Yesterday morning I had a meeting with an accountant. As part of my transition to my new job, I’m also transitioning from respectable, properly W2’d corporate flak to renegade, rebelious, “damn the man” 1099 contracter. OK, maybe not exactly that, but sometimes it feels that way. So my partner Garrett asked one of his co-workers for a CPA recommendation, and she recommended Randy. Now, even though I worked at an accounting firm for a while (where while == 4 months), I managed to avoid learning absolutely anything about accounting. In fact, I was a little fuzzy on exactly how deductions worked when I showed up for my appointment yesterday.
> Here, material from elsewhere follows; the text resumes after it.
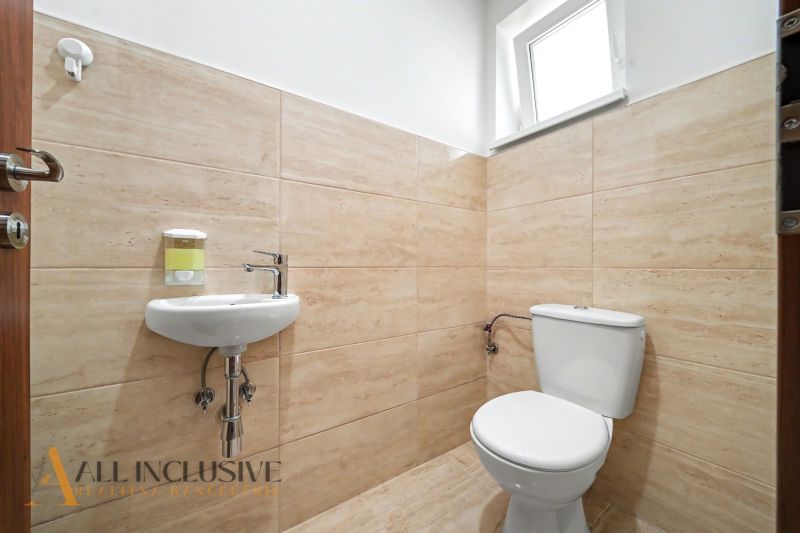 A bathroom in a family house with light tiles and a small sink.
Lucky for me, Randy was more than happy to guide me through the maze of Schedule C, Section 179 and the like. He was also very frank about the fact that while he was happy to help me out, he wasn’t the accountant for me. Seems he does mostly Fortune 500 audits, and bills at around $250 an hour; not the guy I’m gonna rush to call with a question about my math. But he had taken the time to print off a stack of forms and documents for me to use, provided me with some excellent advice and references, and did it all for free. Someone should give him a cookie.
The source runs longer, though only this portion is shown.